#### [Information provided]
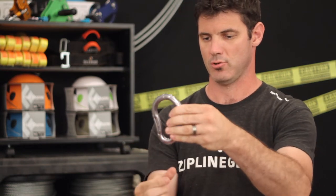This carabiner is designed with the Viper trolley in mind. The Viper trolley has a wide eyelet, and this will go easily through both of those eyelets and then attach to a harness or the Cobra zipline seat.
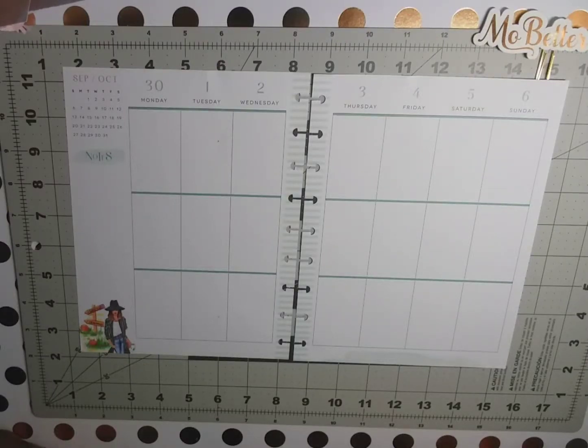Hello, welcome back to my channel! Today I will be putting together my classic size Happy Planner spread for the week of September 30th through October 6th. But before we get started, if you haven't already, hit that red subscribe button, the notification bell, and give me a big thumbs up.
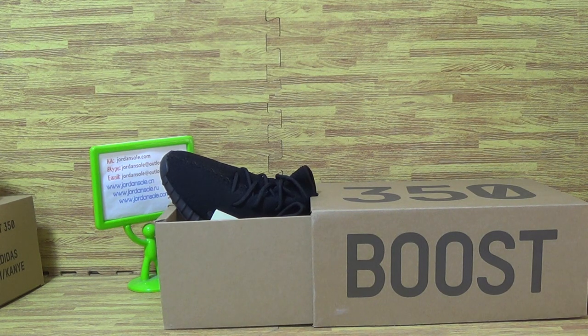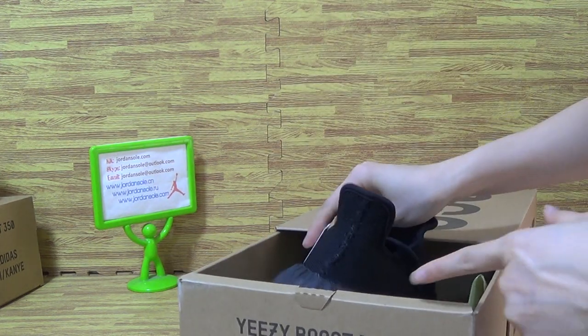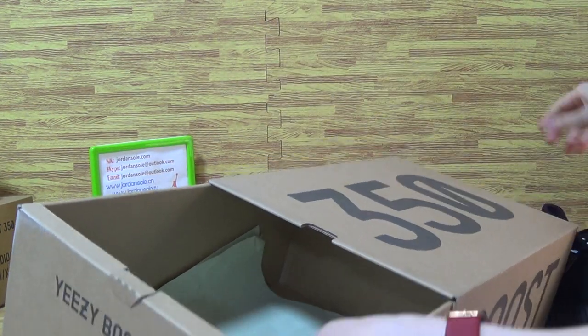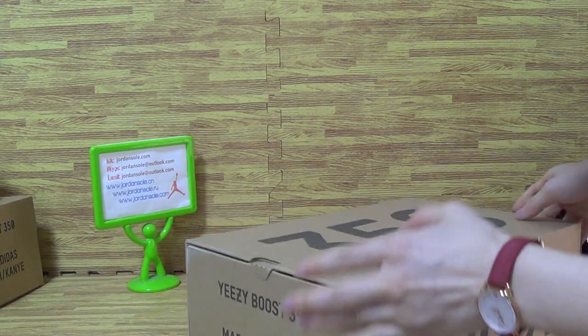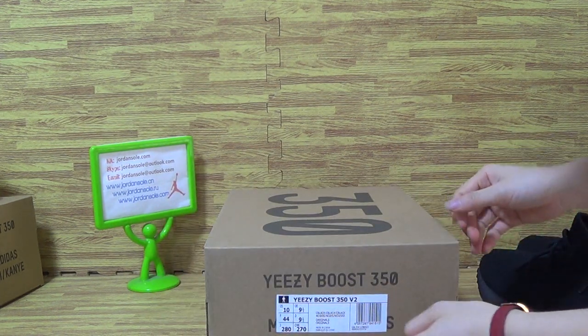Hi guys, now check out second pack of shoes. I will show you guys it is also with two. It is triple black, this one. My shoes box, the size tag.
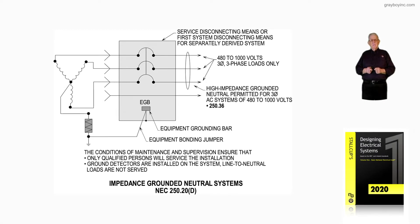This illustration deals with impedance grounded neutral systems in accordance with NEC 250.20D as in dog. Notice that coming out the gate, you want to review the two bullets right above the caption. The conditions of maintenance and supervision ensure that only qualified persons shall service the installation. That's coming out the gate.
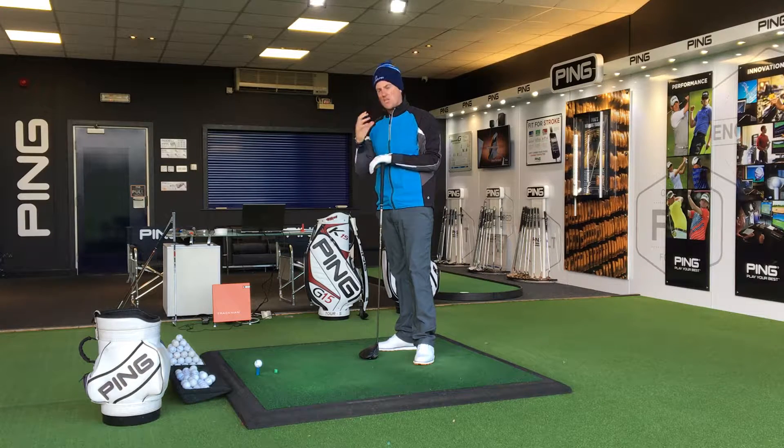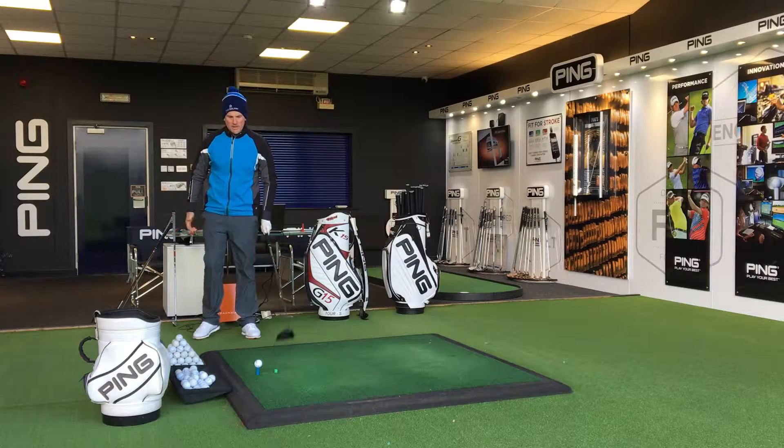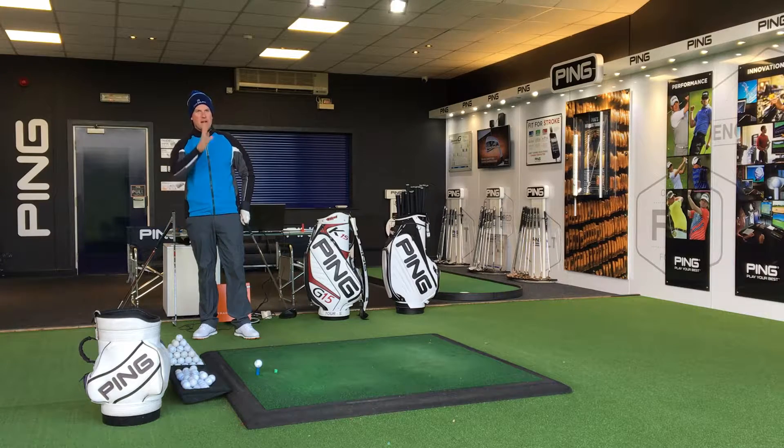I want to talk about visualisation before you're at the golf shot — why it's important. Instead of just whacking balls when you're at the driving range, take a step back and look at the golf shot. Imagine what you're going to see.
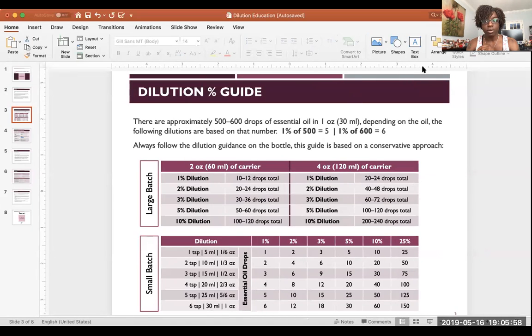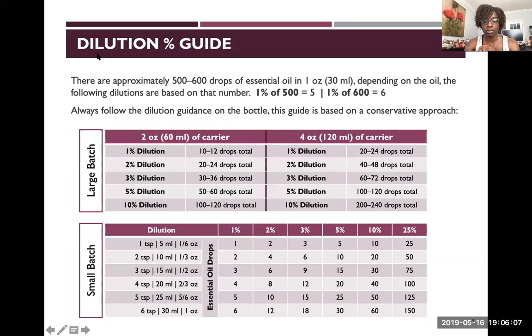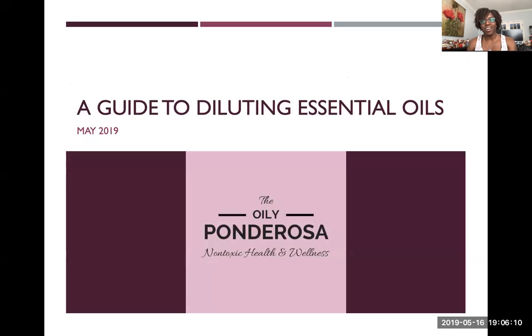I'm going to share my screen so I can walk through a presentation so those who are watching this later can follow along. This is a guide to diluting essential oils.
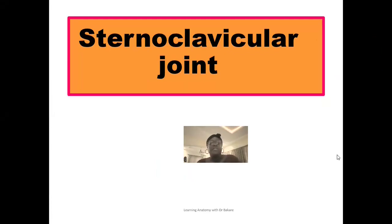Welcome back to the channel. If you are visiting for the first time, you are highly welcome. In this lecture, we'll be looking at the sternoclavicular joints. Breaking down the name, you see that this joint exists between the sternum and also the clavicle, and this is why it is referred to as the sternoclavicular joint.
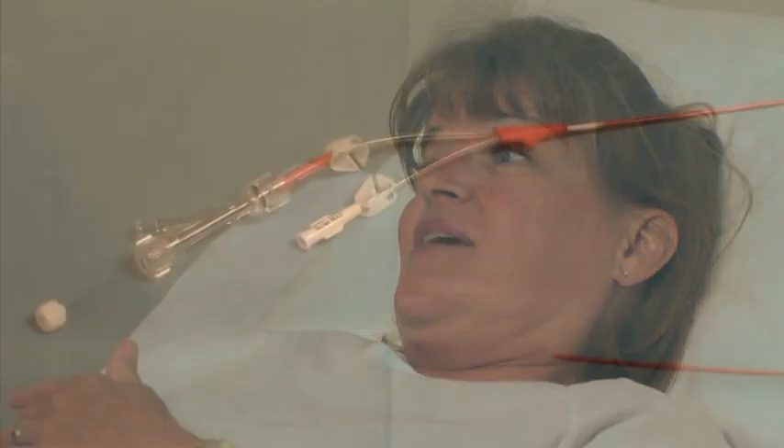After the PICC has been successfully inserted, the clinician explains to the patient or a caregiver the proper care and maintenance of a PICC line.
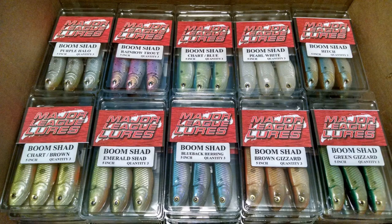Number two: colors. You can really fish a soft plastic swim bait in any water clarity. Major League Lures' Boom Shad comes in some of the best color selections of any swim bait anywhere, hands down. Go out and look at their website, MajorLeagueLures.com, and you'll see they have colors that cover every type of water color and clarity you can imagine. And when you're fishing water that's so dirty you really need some vibration, when I get to the rigging portion of this video, I'll show you some things that'll give your swim bait some great vibration and drawing power.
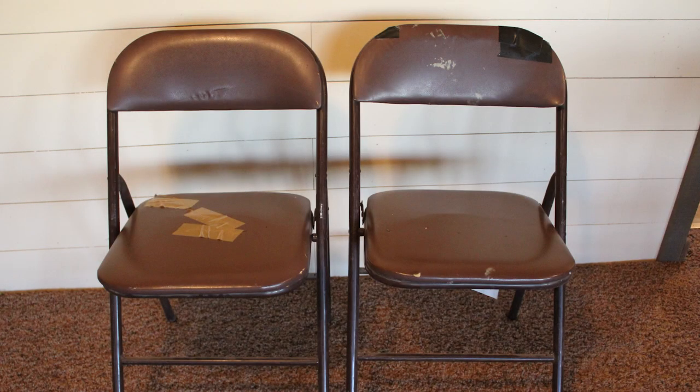Do you have some folding chairs that are ripped and in need of a facelift? Watch today's video and we'll show you how to give them a transformation.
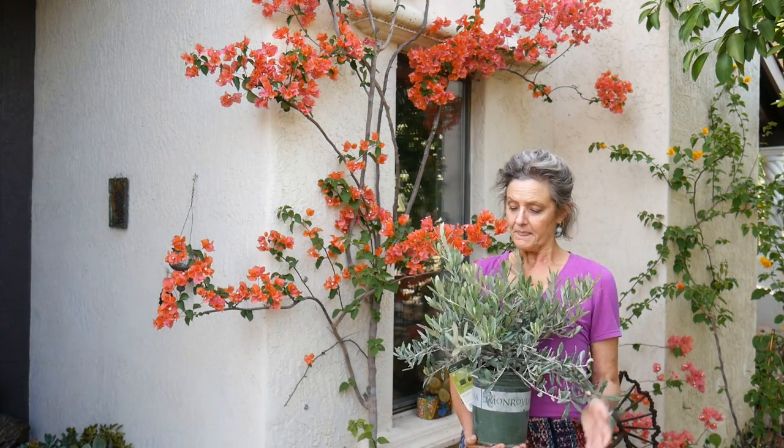Hi, it's Nell and welcome to my garden. Today I'm going to be planting a shrub — this is a dwarf olive, variety Lil Oli, and I'm going to show you how to do it. I've been planting shrubs, trees, and perennials for years and years, and shrubs and trees are the backbone of the garden. They provide interest, they set the tone and the stage for what the garden is going to be, and you want to give them a good start in life. So let's head on over to the garden.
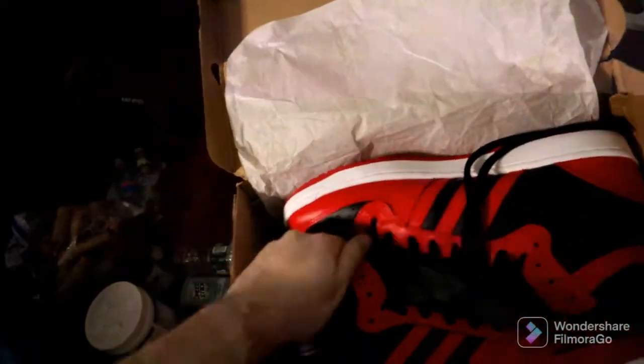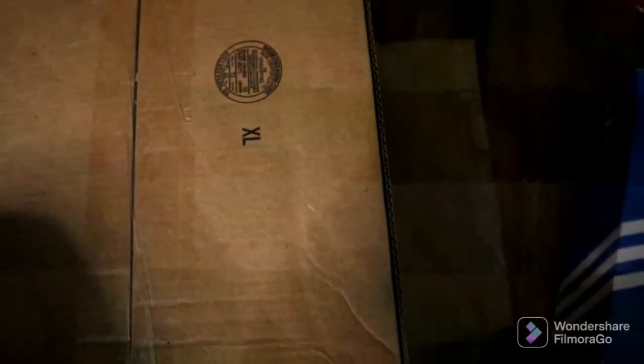Size 13s, close up. The box is a little dinged up and stuff. And for the next box — come on, where is it? Technical difficulties. Size 13 in men's.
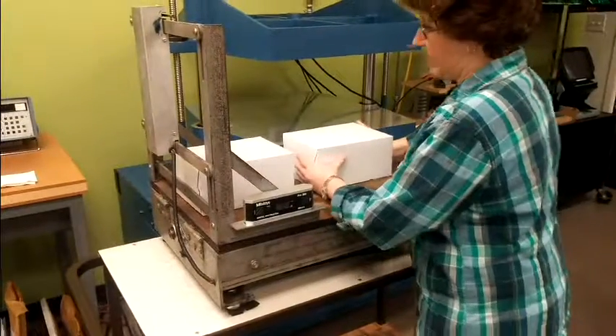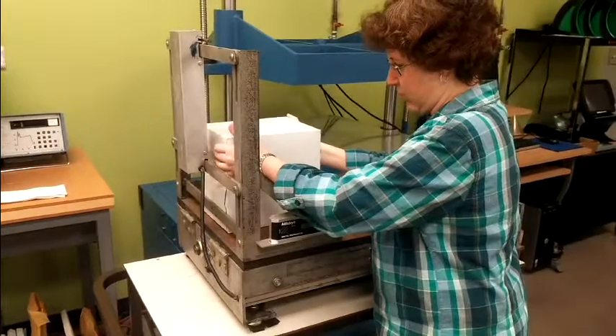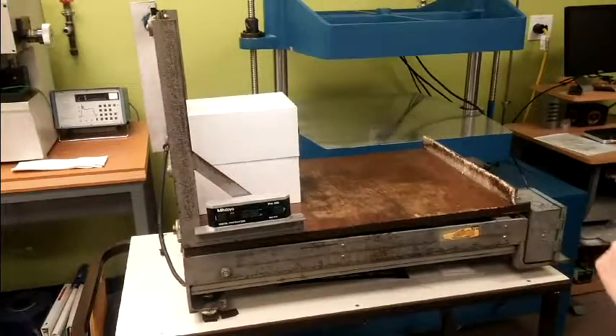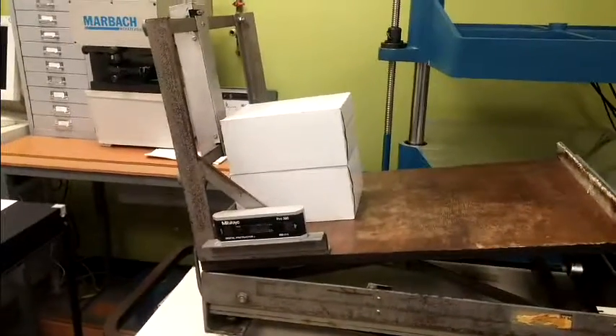The Marr Slide Angle Test provides a way of measuring the slide angle of filled cartons. Two loaded cartons are placed under the bed of the tester, one on top of the other. Care is taken not to handle the carton surfaces in contact with each other, as this may influence the measurement.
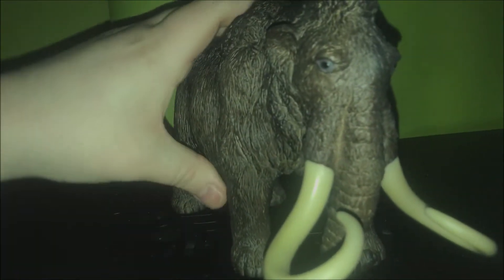I bought it as used. Really good detail on it — it looks really good. I'm really happy with this model.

#### [Instructions to follow]
Please output the lines above beginning at the line with "Hello, welcome back" and ending after the line with "Hi guys, now", precisely as written and with no pictures.

#### [Answer box]
Hello, welcome back to my channel! Today I will be putting together my classic size Happy Planner spread for the week of September 30th through October 6th. But before we get started, if you haven't already, hit that red subscribe button, the notification bell, and give me a big thumbs up.
Hi guys, now check out second pack of shoes. I will show you guys it is also with two. It is triple black, this one. My shoes box, the size tag.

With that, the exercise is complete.